Complete the Queensland Human Rights Commission’s (QHRC) free online training course, Introduction to the Human Rights Act 2019.
This training includes:
- what human rights are
- a brief history of human rights and how they are protected in Queensland
- responsibilities of public entities, courts, tribunals and Parliament
- human rights complaints processes.
Additional training courses are available on the QHRC website.
Log in to For government to watch a recording of our human rights 101 session. This is an initial awareness session for Queensland Government employees. It’s not an online training module or in-depth human rights seminar.
You’ll discover the modern system of human rights, Queensland’s Human Rights Act, and how to apply the Act in your work as a Queensland Government employee.
Visit our Human rights resources page and read our fact sheets and guides. They have information about:
- human rights law in Queensland
- individual rights and what they protect
- human rights complaints
- making decisions that are consistent with human rights law
- reviewing and developing policy and legislation that is consistent with human rights law.
Read our hypothetical case studies to help you think about decisions when human rights are affected:
Read our hypothetical scenarios below to see when and how human rights might be affected in the workplace:
- Using an interpreter
- Giving out personal information
- Flexible work arrangements
- Moving freely in Queensland
- Dress code
- Taking submissions
Using an interpreter
You’re a front counter employee and serve a non-English speaking member of the public. They’re having trouble filling in a form and can’t understand what you’re saying. Agency policy is that the form must be completed and it’s only in English.

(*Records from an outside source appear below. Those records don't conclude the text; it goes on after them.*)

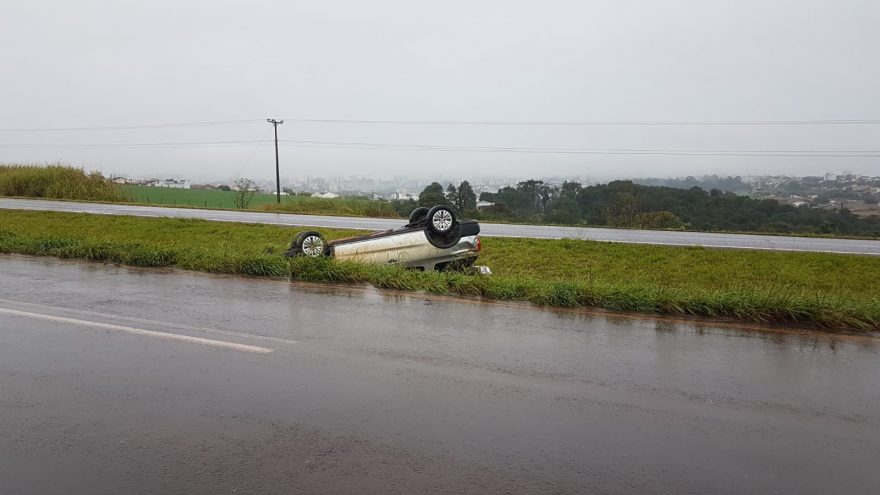 Saveiro que capotou na PRc-467, ontem, segue abandonada no canteiro central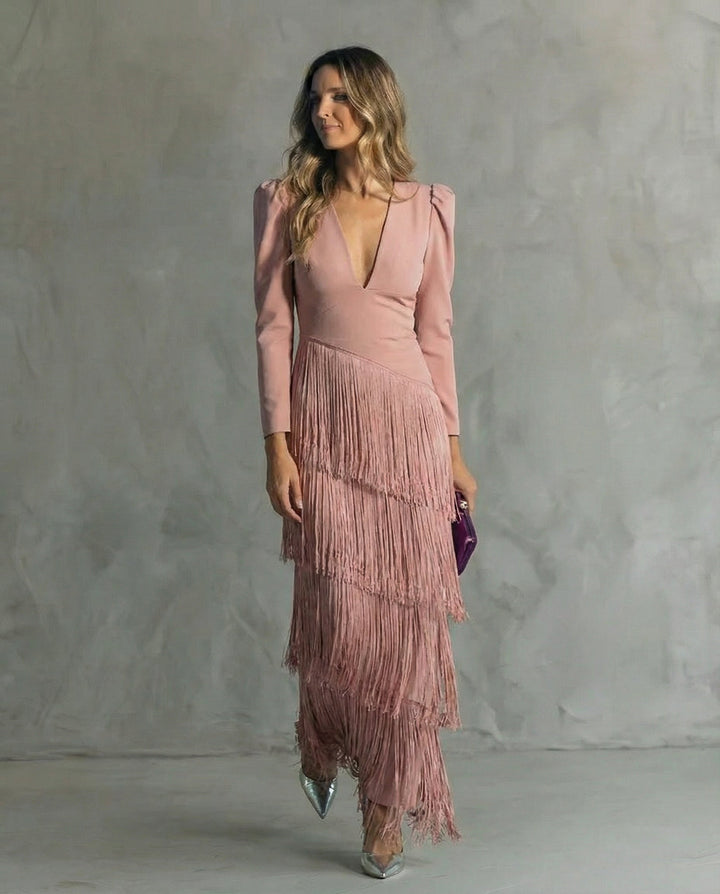 Clara · Robe élégante avec des manches à franges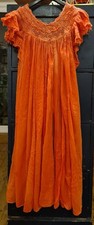 SECRETS Ladies Vintage Coral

Do you send them away with the form? Do you organise an interpreter?
Consider the customer’s human rights. They have the right to:
- recognition and equality before the law which means they should be able to use a government service, even if they have different needs.
- privacy and reputation which could be affected by using an interpreter. The interpreter might find out private information.
Giving out personal information
You’re an administrative officer and a customer asks you for a copy of a document that contains personal information about their mother.
Do you give them a copy of the document?
You need to follow your work processes, but also consider the human rights of the customer and their mother.
If the customer is asking for a document that contains information they legitimately need, and you don’t provide it, this decision could interfere with their right to freedom of expression. The right to freedom of expression includes the right to ask for information from the government.
If the customer is asking for a document that contains personal information about their mother and you provide it, this decision could interfere with the mother’s right to privacy.
Flexible work arrangements
A new employee asks for flexible work arrangements. They need to leave early each day to collect their child from school. You already have one employee leaving early each day for health reasons. Having another person in the team leaving early could impact your team’s coverage during business hours.
Do you approve the flexible work arrangement?
You need to consider your employee’s human rights. They have the right to:
- protection of families and children. Their children have the right to protection that is in their best interests.
- recognition and equality before the law. If you treat them differently to other people at work because they’re a parent, it could be discrimination.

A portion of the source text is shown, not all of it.